Un mois après le passage du typhon Nargis, qui a dévasté le delta de l'Irrawaddy, en Birmanie, les 2 et 3 mai, fait 133 600 morts ou disparus, selon les autorités, et laissé 2,4 millions de Birmans sans abri, l'ONU reconnaît qu'un travail " urgent " reste à faire et que 60 % des sinistrés n'ont reçu aucune aide. Les réfugiés sont, selon les ONG, chassés des camps par la police anti-émeute pour réintégrer des logis détruits.
Ce constat, dévastateur pour les dirigeants du pays, est aussi celui de l'impuissance de la communauté internationale face à une junte militaire irrémédiablement fermée. Impuissance de l'Occident qui, ayant choisi d'isoler le régime, n'a plus aucun moyen de pression sur ce pays. Impuissance de l'ONU, même si l'intervention sur place du secrétaire général, Ban Ki-moon, a permis d'entrouvrir la porte. Impuissance de l'Asie du Sud-Est, dont l'approche conciliatrice et " familiale " se solde aussi par un échec.
Ces frustrations ont éclaté, les 31 mai et 1er juin, au cours d'une conférence sur la sécurité en Asie organisée par l'Institut international d'études stratégiques (IISS) de Londres, à Singapour, en présence de responsables de la défense, dont le vice-ministre birman de la défense, Aye Myint. Le chef du Pentagone, l'Américain Robert Gates, a accusé la junte birmane de " négligence criminelle " ; son refus d'une aide internationale massive a coûté, a-t-il dit, " des dizaines de milliers de vies ". A un participant asiatique qui critiquait l'approche " dure " des Etats-Unis, il a rétorqué, évoquant des généraux " sourds et stupides " : " Chaque fois que nous leur avons tendu la main, ils ont gardé les leurs dans leur poche. " Le député français Pierre Lellouche a proposé que les dirigeants qui refusent l'aide " par caprice " soient jugés par la Cour pénale internationale.
Des responsables asiatiques ont eux aussi exprimé leur exaspération à l'égard de la junte birmane. Le vice-premier ministre et ministre de la défense de Malaisie, Najib Razak, qui siégeait à la même tribune que le général Aye Myint, a averti que " si l'aide n'atteint pas les sinistrés, l'ampleur du désastre dépassera celle du tsunami de 2004 ". " Au risque d'offenser mon collègue, a-t-il poursuivi en se tournant vers le Birman, oui, nous voulons jouer un plus grand rôle dans la tragédie du Myanmar - Birmanie - . " " Nous ", c'est l'Association des nations du Sud-Est asiatique (Asean), qui s'est engagée, le 19 mai, à mettre en oeuvre un " mécanisme " permettant de distribuer l'aide internationale en Birmanie. Ce mécanisme ne s'est guère concrétisé.

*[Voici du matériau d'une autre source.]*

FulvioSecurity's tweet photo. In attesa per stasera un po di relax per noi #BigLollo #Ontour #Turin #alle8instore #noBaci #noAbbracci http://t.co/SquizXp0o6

L'obstruction de la Birmanie, Etat membre de l'Asean, est de plus en plus embarrassante pour les gouvernements voisins, dont la presse et la société civile sont plus offensives sur la tragédie birmane. Au déjeuner à huis clos qui a réuni les ministres présents au forum de l'IISS, les participants ont pris à partie, les uns après les autres, selon un participant, leur collègue birman. Celui-ci est resté imperturbable, accroché à un discours de déni, assurant que les autorités birmanes maîtrisaient la situation et en étaient déjà à la phase de reconstruction, pour laquelle l'aide internationale est la bienvenue, " pourvu qu'elle soit sans conditions ".
Deux participants ont cependant réussi à se tenir à l'écart de la mêlée : le plus haut représentant chinois, le général Ma Xiaotian, chef d'état-major adjoint de l'Armée populaire de libération (APL), et Pallam Raju, vice-ministre indien de la défense. La Chine et l'Inde passent pour les deux seuls pays capables de peser sur la junte. Au cours du forum, le concept de " responsabilité de fournir " de l'aide a émergé, pour tenter de sortir de l'impasse dans laquelle le rejet très majoritaire d'une intervention militaire en Birmanie a placé celui de " responsabilité de protéger ". Mais, devant le silence de la Chine et de l'Inde, ces débats restent vains.